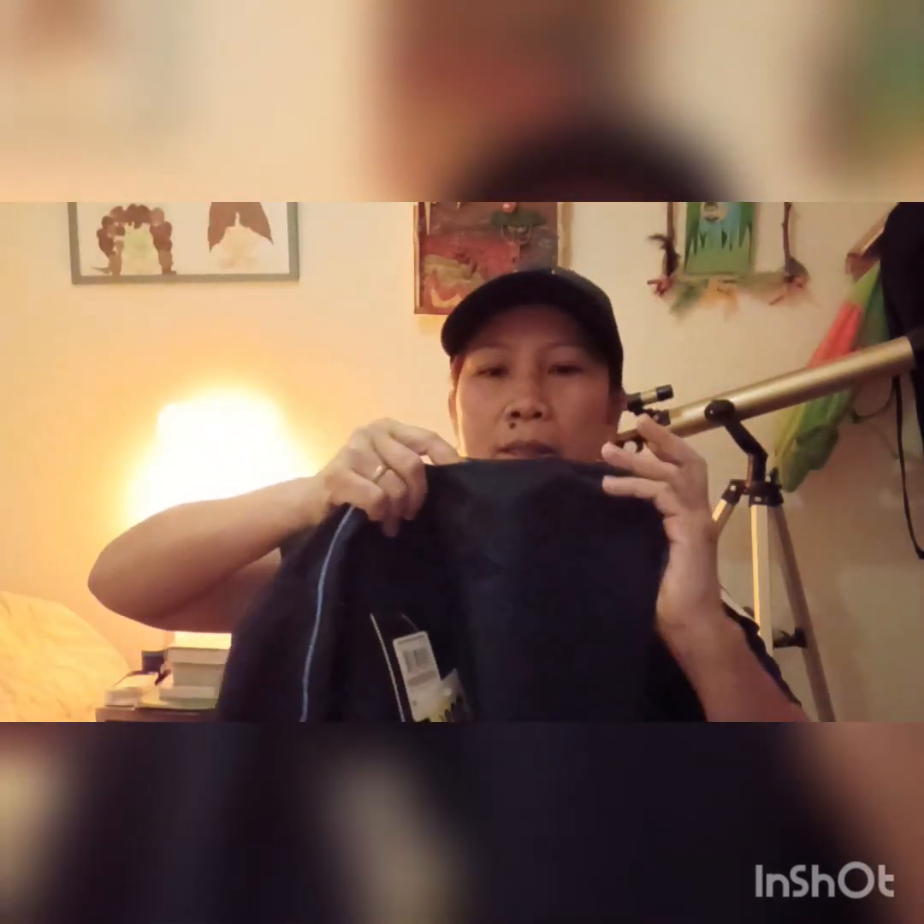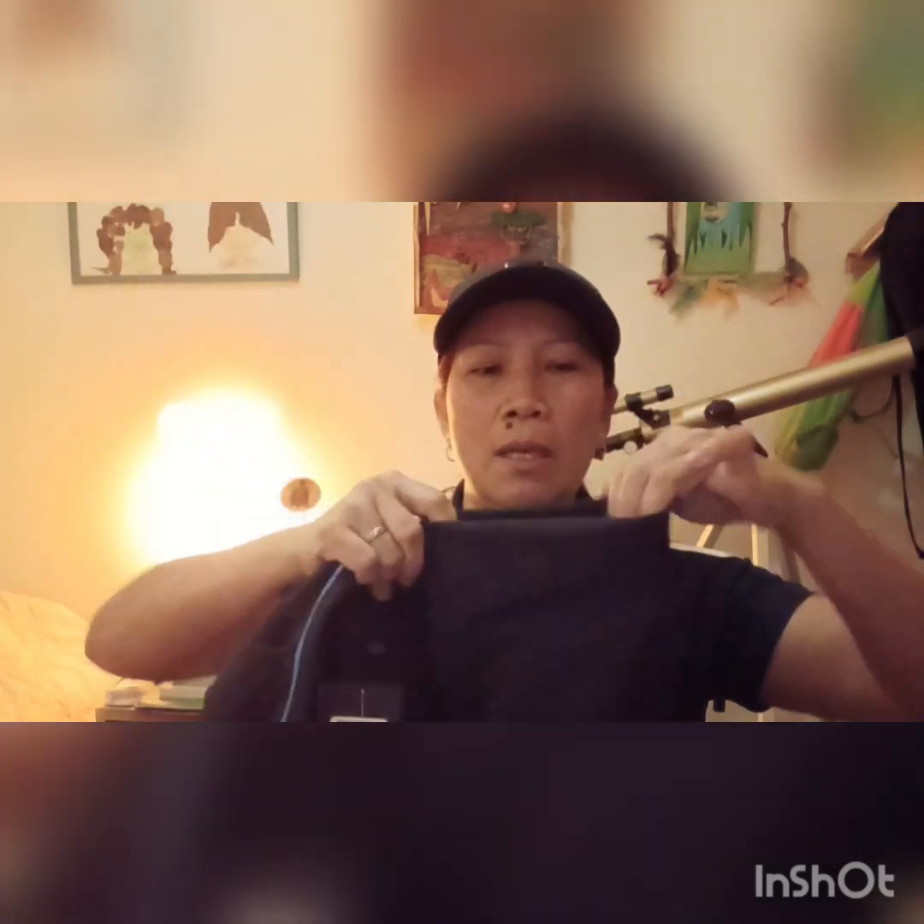I tried them already — they're a little long for me because I'm not really tall, but you can fold them up just like this. Or if you want to cut them that's okay also, but for me I think it's fine because it's stretchable so it's easy to fold. This one is made in Cambodia.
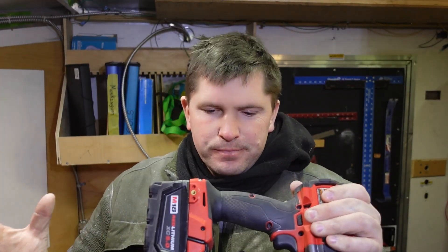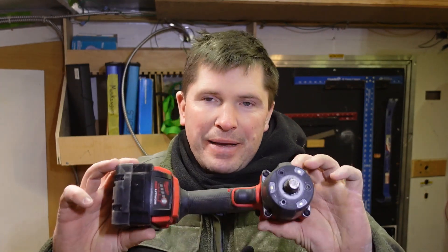Alright guys, so Milwaukee — everybody knows if you follow my channel, I buy all my own tools, and this is no exception. Milwaukee's 2962 mid-torque Gen2 impact wrench is definitely an upgrade from the Gen1. This is about a little over five pounds with the battery, six inches from anvil to the back of it, and it stands about a little over eight inches tall — that's without the battery for sure.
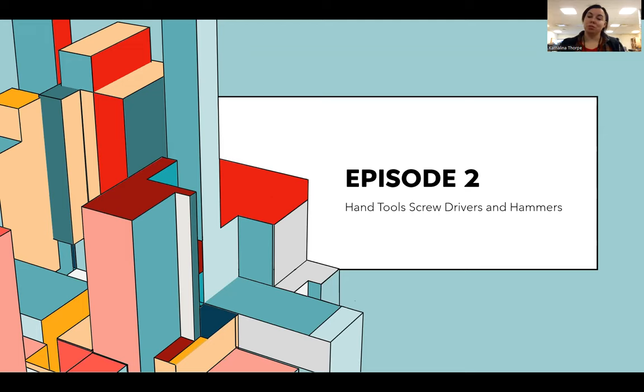Hi everybody, this is episode two for the tool training workshop and today we're talking about hand tools — screwdrivers and hammers to be exact.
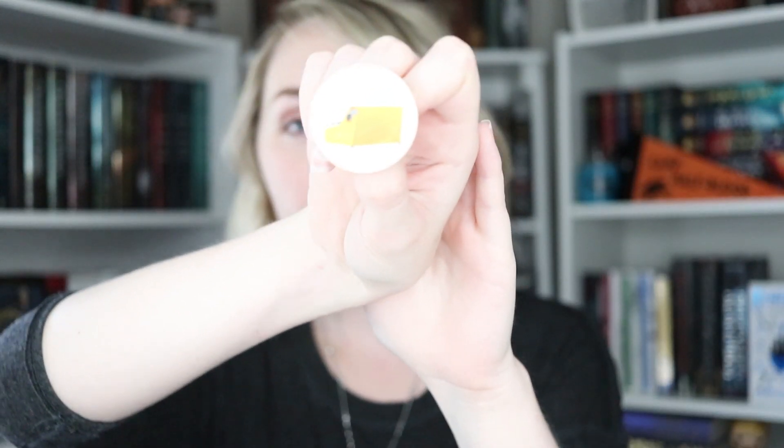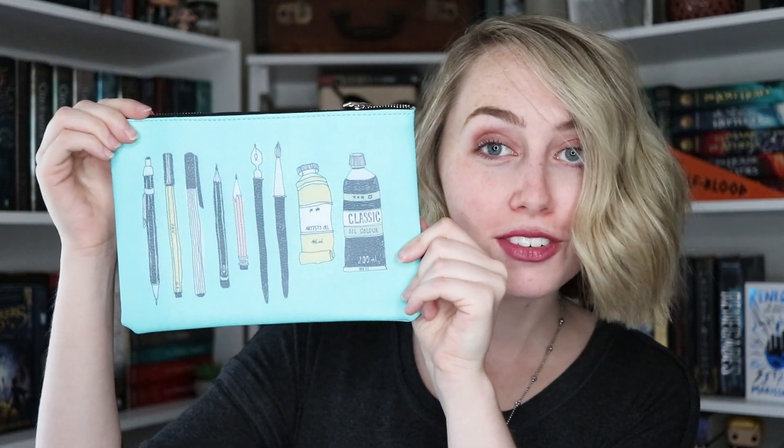Next I pulled out the Owlcrate Jr. pin — this one is just a little typewriter. This light is very bright, so I apologize. Next up in our Storytellers Toolkit, we have a little eraser in the shape of a book. Next up is a cute little notebook; on one side it has a little ink pen, and on the other it says 'What's your story?' Genuinely, one of the cutest things I've ever gotten in an Owlcrate Jr. box ever is this adorable leather zip-up pouch. It's turquoise and it has little writing utensils on it, and I'm gonna be using this for all of my traveling needs, 100%.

**Exercise brief:**
Please take the lines from the beginning of the data above through the line holding "Alright guys, so" and transcribe them exactly, without any pictures.

**Task result:**
I tried them already — they're a little long for me because I'm not really tall, but you can fold them up just like this. Or if you want to cut them that's okay also, but for me I think it's fine because it's stretchable so it's easy to fold. This one is made in Cambodia.
Alright guys, so Milwaukee — everybody knows if you follow my channel, I buy all my own tools, and this is no exception. Milwaukee's 2962 mid-torque Gen2 impact wrench is definitely an upgrade from the Gen1. This is about a little over five pounds with the battery, six inches from anvil to the back of it, and it stands about a little over eight inches tall — that's without the battery for sure.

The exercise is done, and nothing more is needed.